Finanzsenatorin Linnert kritisiert Gesetzentwurf; Verfassungskonformität fraglich
25.09.2015Heute (25. September 2015) hat der Bundesrat die von der Bundesregierung vorgelegte Neufassung des Erbschaftssteuer- und Schenkungssteuergesetzes im ersten Durchlauf beraten. Bremens Finanzsenatorin Linnert hat daran deutliche Kritik geäußert:
"Sollte es zu dieser Regelung kommen, wird Bremen auf absehbare Zeit keine Einnahmen aus vererbten Betriebsvermögen haben. Bremen als Haushaltsnotlageland ist aber auf alle Steuereinnahmen angewiesen. Außerdem zementiert das Gesetz die vom Bundesverfassungsgericht kritisierten Ungleichheiten.
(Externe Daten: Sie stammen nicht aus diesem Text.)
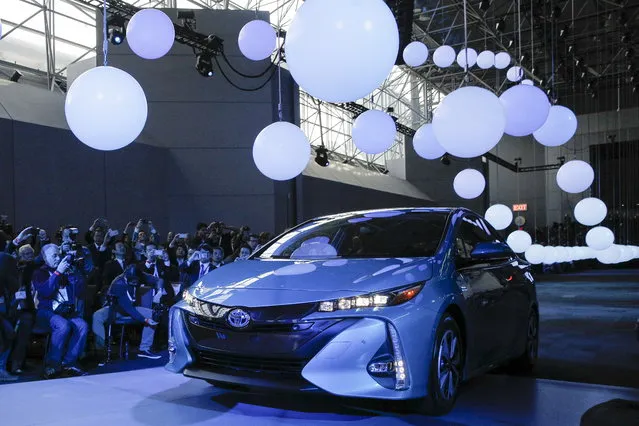 The Toyota Prius Prime is seen during the media preview of the 2016 New York International Auto Show in Manhattan on March 23, 2016. (Photo by Brendan McDermid/Reuters)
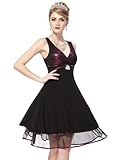 Ever Pretty New Fab Purple & Black V-Neck Empire Line Cocktail Dress 02236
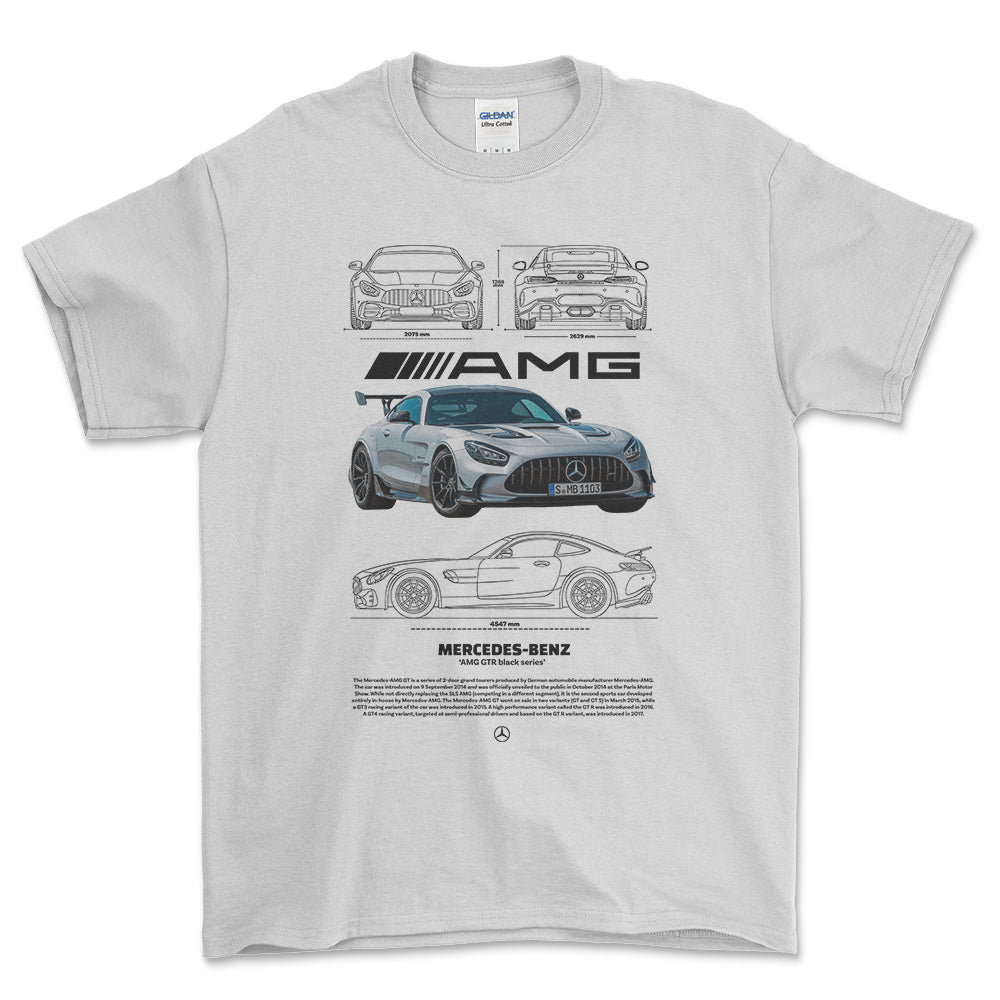 Mercedes AMG GT R - Unisex T-Shirt , Bomuld-Beklædning-Mercedes-Hvid-S-Forside-Garage Culture Shop- garage - man cave - merchandise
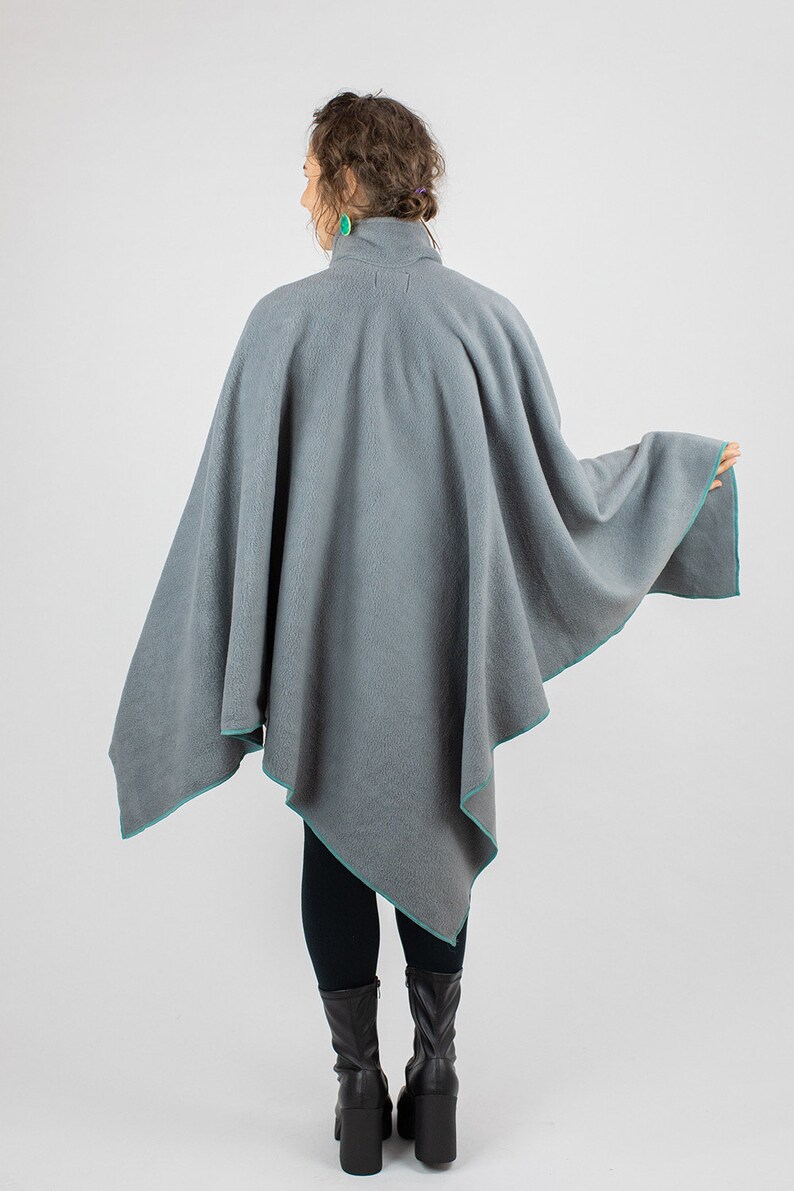 GREY CAPE UNHOODED, Australian Made, Polar Fleece, Medieval, Cosplay, Superhero, Plus Size, Cape, Cloak, Handmade. image 3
Die Chance für eine Erbschaftssteuer, die eine echte Gerechtigkeitssteuer ist, ist vertan."
"Das Bundesverfassungsgericht hatte im vergangenen Jahr klargestellt, dass die Erbschafts- und Schenkungssteuer einen Beitrag zur Herstellung der sozialen Chancengleichheit leistet." Mit dem jetzt vorgelegten Gesetzentwurf wolle die Bundesregierung offenbar Erben von großen und größten Betriebsvermögen in nahezu unbegrenzter Höhe von der Erbschafts- und Schenkungssteuer befreien. "Nur in Ausnahmefällen wäre bei Betriebsvermögen noch Erbschaftssteuer fällig", so Linnert über die Bremer Situation. "Mit der Erbschaftssteuer Marke "extra light" entspricht die Bundesregierung nicht dem Auftrag des Bundesverfassungsgerichts", fügte sie hinzu.
Linnert stellte klar, dass eine Verschonung von der Steuer dann gerechtfertigt sein könne, wenn es darum gehe, Arbeitsplätze zu erhalten und forderte eine entsprechende Differenzierung. "Eine teilweise Steuerbefreiung für kleine und mittlere Betriebe, die durch die Zahlung der Steuer gefährdet wären, ist grundsätzlich richtig. Denn dies dient ersichtlich der Mehrung und dem Erhalt des Wohlstands in unserem Land", ordnete sie ihre Forderung ein.
Die Senatorin erläuterte: "Auch bei der Erbschafts- und Schenkungssteuer muss es das Ziel des Gesetzgebers sein, den Einzelnen nach seiner individuellen Leistungsfähigkeit zu besteuern. Hierfür gibt es die Bedürfnisprüfung. Die Schwelle von 26 Millionen Euro, oberhalb derer überhaupt erst eine Bedürfnisprüfung einsetzt, ist viel zu hoch angesetzt", kritisierte sie. Unterhalb der 26-Millionen-Schwelle werden Firmenerben weitgehend verschont. Leider ist eine knappe Bundesrats-Mehrheit einem Antrag von Bremen und Schleswig-Holstein nicht gefolgt, diese Schwelle herabzusetzen.
Der daneben vorgesehenen Möglichkeit der "anlasslosen Verschonung" von großen und größten Vermögen erteilte Linnert eine klare Absage. "Das ist schlicht ungerecht." Die Verschonung widerspreche eklatant dem Willen der Verfassungsrichter.
Unternehmenserben können eine Verschonung von der Bedürfnisprüfung beantragen, so dass sie nicht ihre gesamten Vermögensverhältnisse offen legen müssen. Eine Verschonung ist auch dann möglich, fällt jedoch geringer aus, als nach einer Bedürfnisprüfung.